I Don’t Guess
It will take me, on average, at least an hour to complete each item. The jewelry will be cleaned so that I can accurately grade its color, clarity and cut (read Diamond Cleaning Secrets). Metal, design, and workmanship will be checked. Stones will be identified and gem-tested, if necessary. I don’t take your jewelry apart to weigh your gemstones; instead, I carefully measure each mounted stone with gem instruments and use accepted mathematical formulas to estimate their weight. Under ideal conditions, I can determine the weight of a gem exactly. Other times, I will be close (that is, within accepted tolerances). If you have a GIA, AGS, or other lab certificate, or if you have a store receipt, I will want to see it so please bring it along. I will verify that the stone matches the certificate. In many cases, the certificate is cited in the finished appraisal and can add value to your stone. The certificate or receipt occasionally helps me crosscheck and refine my work, specifically regarding gem weights. GIA or many other lab graders will have had the opportunity to weigh and evaluate your stone loose, but I will be working within the limitations of your mounting and the stone measurements I am able to take. Regardless of whether or not there is a certificate or receipt or earlier appraisal, I do all of my grading and measuring from scratch.
What You Get
Before I arrive at the dollar value I assign your jewelry, we’ll clearly define the intended use of your fine jewelry appraisal. Insurance replacement? Dissolution of marriage? Equitable division? We will clarify the type and definition of value appropriate for your appraisal and the proper market level to research. I may need to find antique earring “comps” or consult The Guide and The Rapaport Diamond Report which are regularly published price guides, comparable to The Kelley Blue Book for cars, with comprehensive price charts reflecting current market conditions, based on carat weight, color, shape, clarity, and proportion grade.
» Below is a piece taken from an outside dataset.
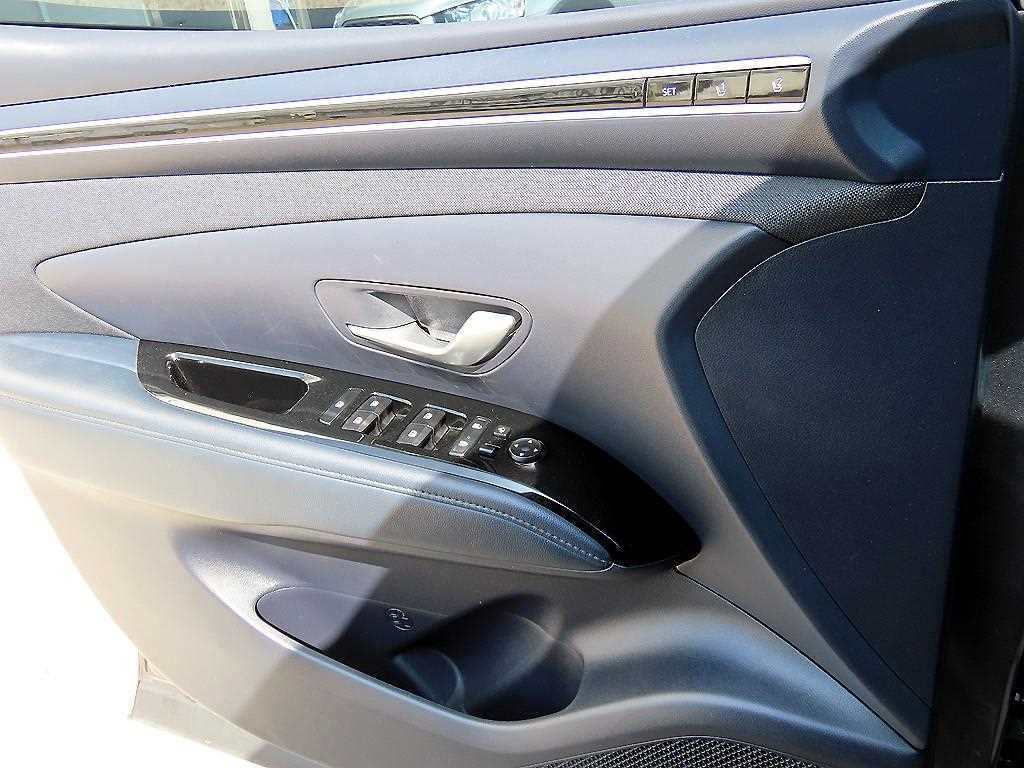 HYUNDAI Tucson - Vista 11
Additional market research includes experts in specific jewelry niches, estate or tax law, and other sources. Antique pieces, watches, unusual gems, and other specialty pieces usually require additional research and time.
Appraisals can be performed for a number of functions including dispute, estate dissolution, resale, damage evaluation, donation value, and so on. I am increasingly called to provide confirmation of purchase: does this item match the its seller’s description? A different approach may be needed in these cases to satisfy legal requirements. This may take more time and research as well.
Determining what your jewelry is worth is not merely writing a receipt. I determine first, in detail, exactly what your jewelry is. I then evaluate it in relation to the current and appropriate market. Only then can I create an accurate and explicit document describing your jewelry, which is the crux of the work you are paying me to do. An appraisal document signed by an independent (I work for myself and I do not buy or sell jewelry, diamonds, gemstones or gold) Graduate Gemologist is vital in the event of an insurance claim, purchase dispute, etc. In addition to providing appropriate insurance documentation, the appraisal should result in peace of mind for you regarding your purchase – or your sale.
An appraisal substantiates the bottom-line, or dollar-value, that it assigns.
The portfolio I give you includes basic information explaining the scope of work done in the appraisal and what it means. It includes a list of questions you should ask your insurance provider so that you understand how a loss may be covered. My credentials are also included so that both you and your insurance company know that your documents were prepared professionally.
I think you will be very pleased with the appraisals I am going to produce for you.